Parental alleles contribute similarly to biased expression in both organs of reciprocal hybrids

Previous studies reported that parental alleles show biased expression in different organs of maize hybrids [45,46]. To better understand how parental alleles contribute to differential gene expression or epigenetic modifications in different organs of maize hybrids, we performed allelic bias analysis in hybrids using single-nucleotide polymorphisms (SNPs) identified by comparing our transcriptomic and epigenomic sequencing reads at each base pair of 20,850 homologous genes between parental lines B73 and Mo17. Allele-specific sequencing reads discriminated by the identified SNPs were used to evaluate allelic expression or epigenetic bias in hybrids using a binomial test, with the null hypothesis that two parental alleles are uniformly expressed or modified in the hybrids [8]. To reduce the effects of the divergence of genomic sequences between two parental lines, only the sequencing reads mapping uniquely to the genomes of both B73 and Mo17 were included in the analysis.

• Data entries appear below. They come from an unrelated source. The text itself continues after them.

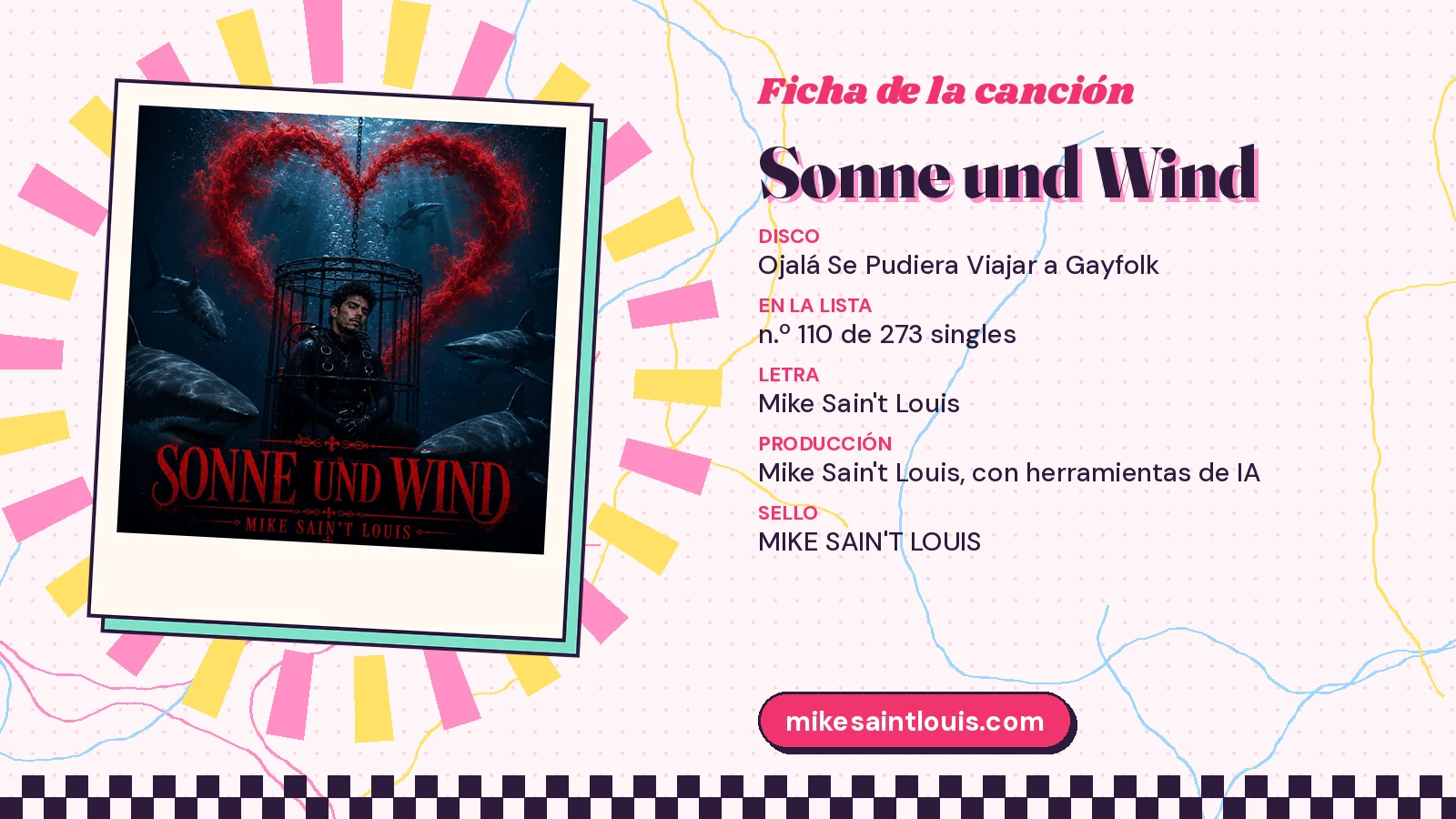 Ficha de la canción «Sonne und Wind» con su carátula: disco «Ojalá Se Pudiera Viajar a Gayfolk», letra y producción de Mike Sain't Louis
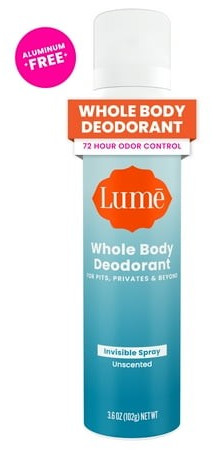 Lume Whole Body Deodorant for Women  Spray Deodorant  Aluminum Free  Unscented  3.6oz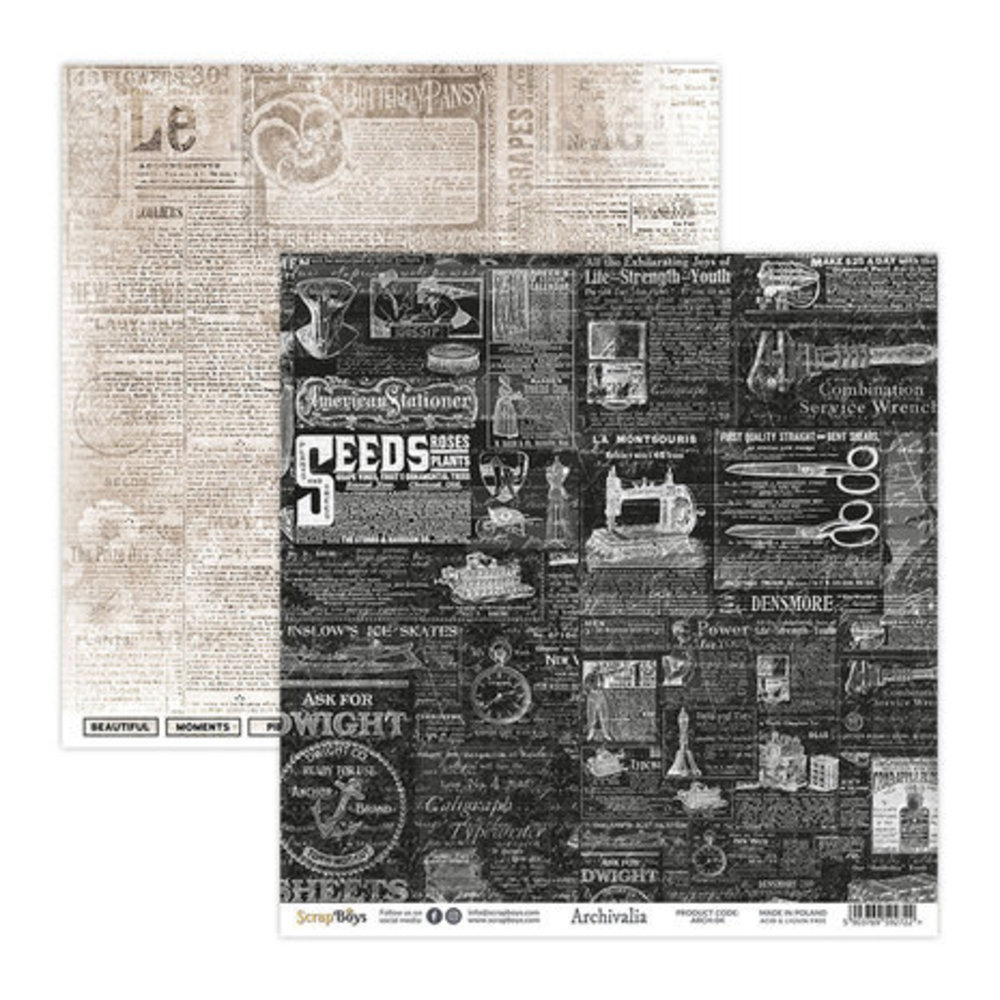 ScrapBoys Archivalia 8x8 Inch Paper Pad (ARCH-10) ScrapBoys Archivalia 8x8 Inch Paper Pad (ARCH-10)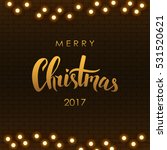 Merry Christmas lettering. Gold Christmas calligraphy. Light bulbs, realistic retro garland, background with yellow glowing lights on dark brown background. Vector illustration.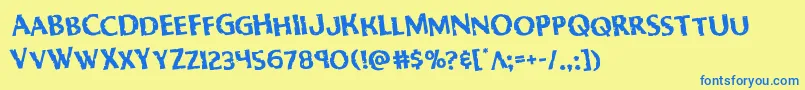 Bodyswipersrotate Font – Blue Fonts on Yellow Background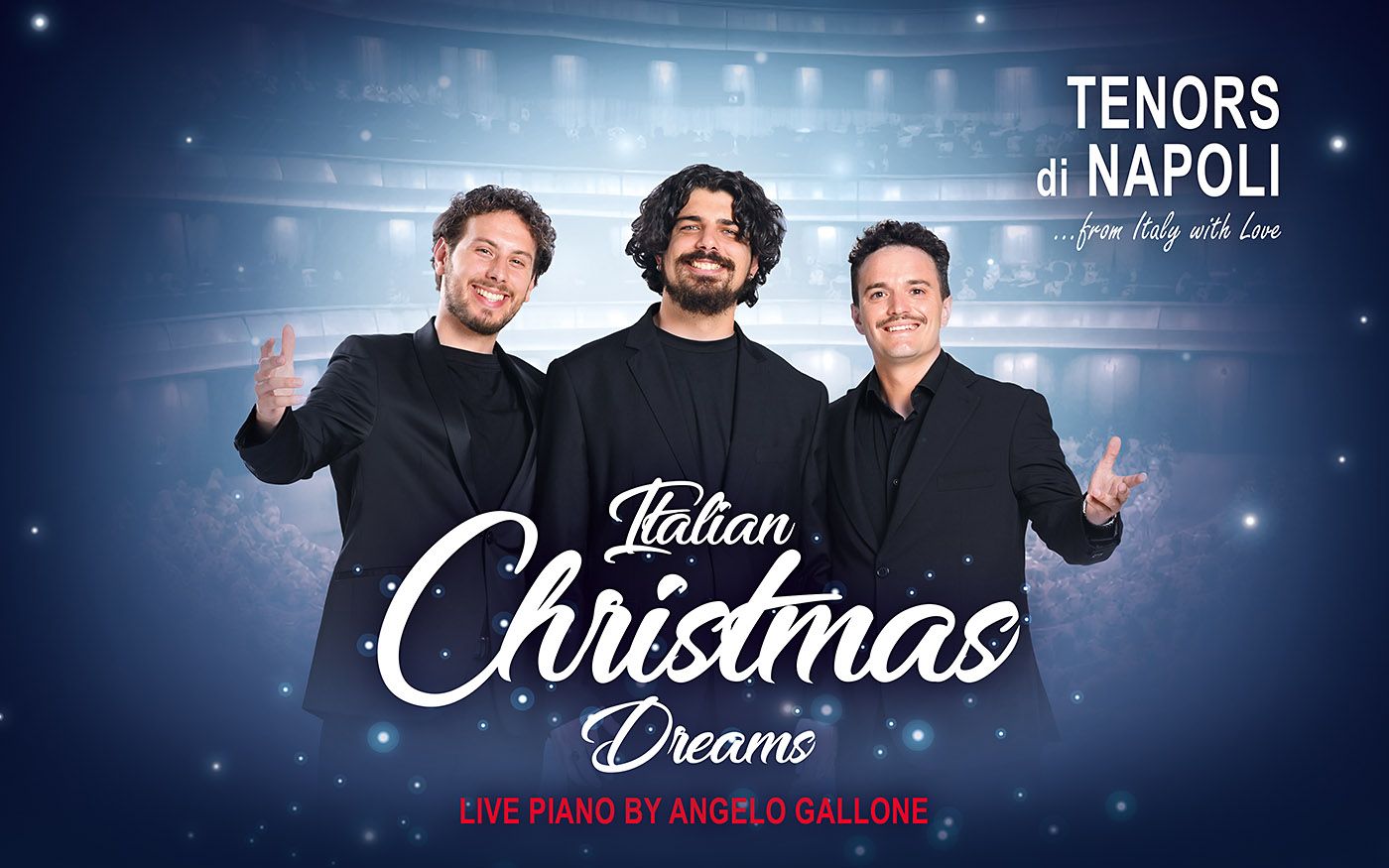 Italienische Tenöre der Tenors di Napoli live beim Weihnachtskonzert „Italian Christmas Dreams“ in der Meistersingerhalle Nürnberg.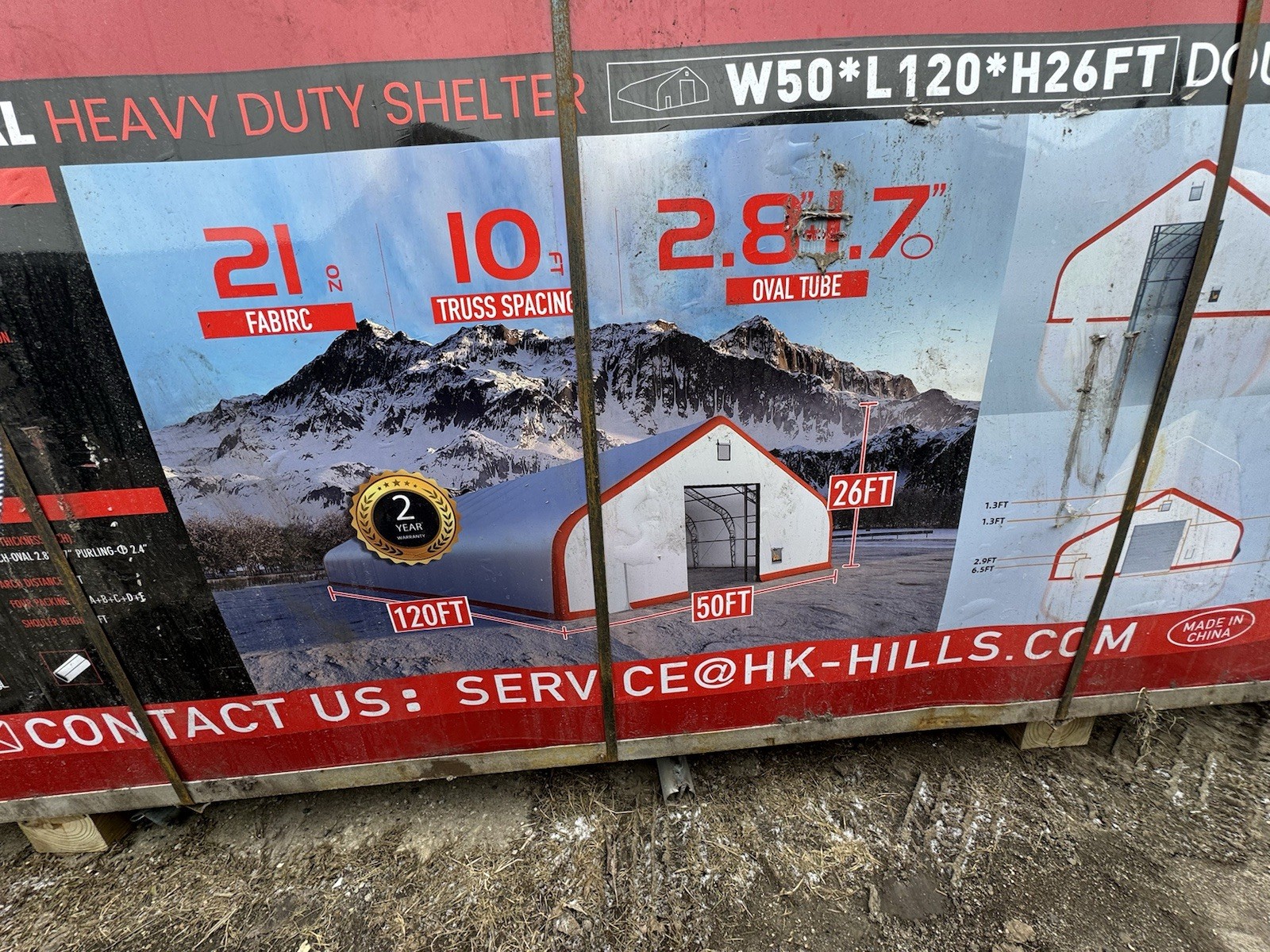 50x120x26 DUAL TRUSS *21oz PVC* Canvas Fabric Storage Building Shelter Barn Shop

At P<0.05, 533 to 734 SNPs (294 to 410 genes) and 594 to 665 SNPs (317 to 367 genes) that showed biased allelic expression were identified in shoots and roots of reciprocal hybrids, respectively (Figure 6a). However, very few SNPs were identified that could discriminate allelic bias in epigenetic modifications, therefore these were excluded from further analyses. Discrimination of the differential allelic expression based on the direction of allelic bias in hybrids showed no obvious bias toward either B73 or Mo17 (Figure 6a), suggesting that in both shoots and roots of maize, the parental genomes contribute equally to the activity of the transcriptomes in hybrids.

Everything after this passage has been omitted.